Trading Engine — Backend
127 REST endpoints with OpenAPI 3.1.0 validation, deployed on EC2 via Docker with CI/CD auto-rollback.
- Matching Engine — Core business logic pairing BUY and SELL orders with lot locking, counteroffers, partial fills, and multi-round negotiation.
- Deal & Confirmation Pipeline — Trade execution triggers PDF generation and automated email dispatch to both parties.
- Multi-tenant RBAC — Seven role tiers from GUEST to ADMIN, with permissions scoped per company and license type.
- Real-time Events — Socket.IO backed by PostgreSQL NOTIFY. Order book changes, trade confirmations, and admin actions push instantly to connected clients.
- Security Layer — JWT with rotating refresh tokens, rate limiting, session management via Redis, and brute-force prevention.
Data Migration
Data preservation was the first workstream -- it started before any platform code was written.

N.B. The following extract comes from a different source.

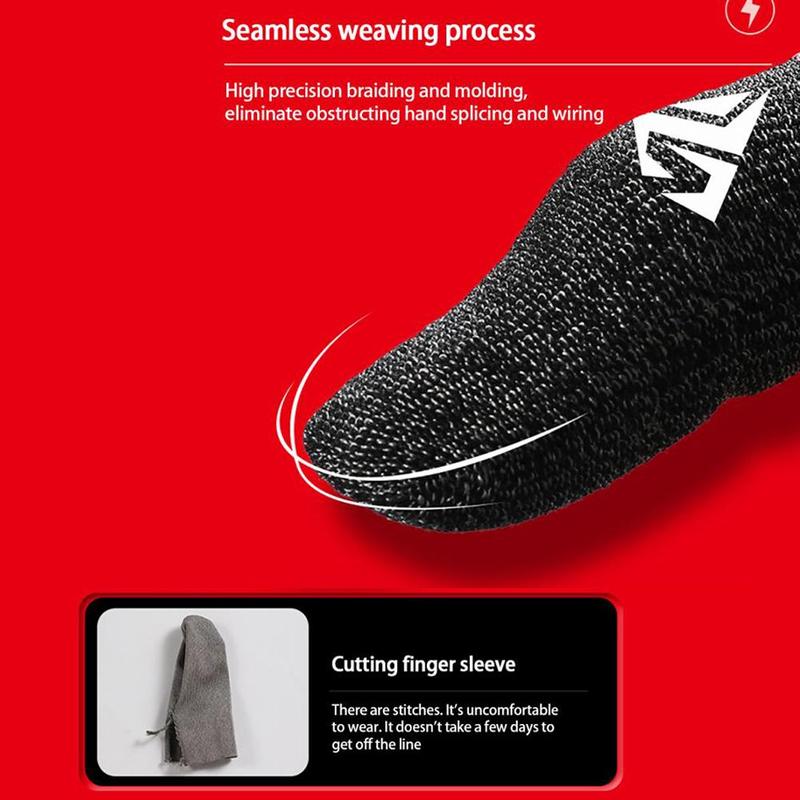 2pcs Fingertip Sleeve Esports  - Esports Gaming Sleeve recensione e prezzo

- 3.7M rows extracted from SQL Server binary backups and transformed through a 12-stage ETL pipeline into PostgreSQL, respecting foreign key dependencies across 43 source tables.
- 119.7 GB of media (64,533 files) migrated to S3 -- COAs, lab results, licenses, trade confirmations, and product imagery.
- 49 transformation scripts handling schema mapping, data type conversion, and referential integrity validation across the full legacy-to-modern schema translation.
Infrastructure
- CI/CD — GitHub Actions → EC2 Docker rebuild with health checks and auto-rollback on failure.
- Daily Backups — Automated PostgreSQL exports to S3 with encryption and email notification. Sub-10-minute disaster recovery.
- Containerized Deployment — Docker Compose managing the API, Redis, and health check services.
Current cloud infrastructure is provisioned for QA and UX testing. Production deployment will receive a revised infrastructure architecture with hardened security, optimized resource allocation, and finalized scaling configuration.
Technical Highlights
Legacy Platform Analysis
No documentation existed for the legacy system's business logic. I conducted a thorough platform analysis -- mapping every workflow, data relationship, and edge case across order matching, trade settlement, permissions, and compliance. That analysis produced 13 feature specifications that became the blueprint for the rebuild.
Cannabis Regulatory Complexity
Every product listing carries Certificates of Analysis, Health Canada license references, and government compliance documents. The RBAC system enforces visibility rules tied to license types -- cultivators, processors, and brokers each see different data based on their regulatory role. Lot-level traceability is maintained from seed to sale.
AI-Assisted Development
Built across 18+ focused development sessions using specialized AI agent teams working in parallel -- database architects, frontend developers, security auditors, and code reviewers coordinating simultaneously on different subsystems.
By the Numbers
| Metric | Value |
|---|---|
| React components | 157 custom + 36 base |
| API endpoints | 127 (OpenAPI validated) |
| Database tables | 46 |
| Database migrations | 51 |
| E2E tests | 57 (Playwright) |
| Backend test suites | 26 |
| Rows migrated | 3.7M |
| Media migrated | 64,533 files (119.7 GB) |
| ETL scripts | 49 |
| RBAC role tiers | 7 |
The largest project in this portfolio by every measure -- from decompiled legacy binaries to a production-grade trading platform for a regulated commodity market.